# Specific 3D Printers, Scanners, & Hardware > Other 3D Printers / Scanners / Hardware >  Octopi on a Creality Ender 3

## creation_office

Hi everyone,
I'm actually searching to use octopi with my 3d printer and I don't really know which model of Raspberry Pi I should buy.
I know it's working well on the 3B+ but what about the Raspberry Pi 4 ? 
I've heard that there was some cooling issues on the model 4 but are these really greater than the 3B+ ?
I'm sorry if my english isn't perfect.  :Embarrassment: 
Thank you in advance for your answers.

----------


## Roberts_Clif

The software Octo*Print* will work on the Pi4 since it runs _everywhere_ Python 2.7 runs.

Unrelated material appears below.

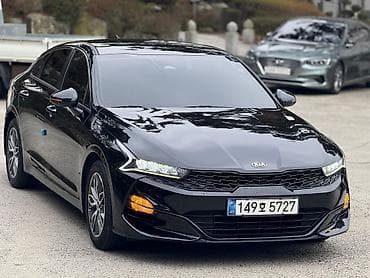 Kia: Kia K5: 2021 г., 2 л, Автомат, Бензин, Седан — 2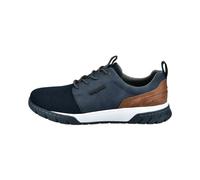 bugatti Sneaker bassa blu scuro / caramello Uomo - Scarpe - Sneakers - Sneakers basse - Sneakers casual bugatti 43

RPi image Octo*Pi* 0.16 or earlier will _not_ work since it doesn't yet support the new hardware. 

Octopi Buster lite 0.17.0 works on Pi 4B

Image2.jpg

----------


## creation_office

Ok, thank you for your quick response.
But on which specifications the Pi4 can be better than the 3B+ when using octoprint (because i don't think i will use it for anything else or will buy another one later if needed)?
I mean, why are they saying "RP 3B or 3B+ is strongly recommended"?

----------


## Roberts_Clif

> Ok, thank you for your quick response.
> But on which specifications the Pi4 can be better than the 3B+ when using octoprint (because i don't think i will use it for anything else or will buy another one later if needed)?
> I mean, why are they saying "RP 3B or 3B+ is strongly recommended"?


This is most probability because unless you are using the Octolapse plugin you do not need more power.
Unless you are planning to use more than one web camera or Octolapse then go with the Pi 4.

----------